To those with impaired vision, hearing or mobility, a multimedia graphical operating environment isn't necessarily a godsend. That's why Microsoft includes accessibility tools (select Start-Pro-grams-Accessories-Accessibility). Even if you have no impairment, you might find some of these applets useful. Here are the highlights, but be sure to check even more downloadable, robust tools at www.microsoft.com/enable.
Magnifier: this tool, which was initially introduced in Windows 98, repurposes the top sixth of the Windows screen so that it displays the area around the mouse cursor, magnifying it anywhere from two to nine times its standard size.
Windows Narrator: this text-to-speech engine explains where you are - whether the focus is on the desktop, in a dialogue box, or in an application. A computer-generated voice reads out the text on buttons and menus, explains what check boxes are checked, and provides the keyboard actions necessary to close dialogue boxes. To adjust the pitch and speed of the voice, just click the Voice button.

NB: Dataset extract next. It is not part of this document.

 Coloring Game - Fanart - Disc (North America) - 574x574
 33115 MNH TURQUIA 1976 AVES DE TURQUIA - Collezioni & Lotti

On-Screen Keyboard: For those who are unable to handle keyboards, Windows 2000 includes a customisable on-screen keyboard on which you can type using either a mouse, a trackball or a joystick. While operating it, you can enter text in any running Windows application either by clicking letters, or, for those who experience difficulty clicking, by hovering over a letter for a specified length of time (which is easy to configure in the dialogue box under Settings-Typing Mode).
Utility Manager: To launch any of the three previously mentioned applications, use the Utility Manager (select Start-Programs-Accessories-Accessibility). As soon as the program launches, so does Narrator. You can configure any of the three tools to launch when either Windows or Utility Manager starts.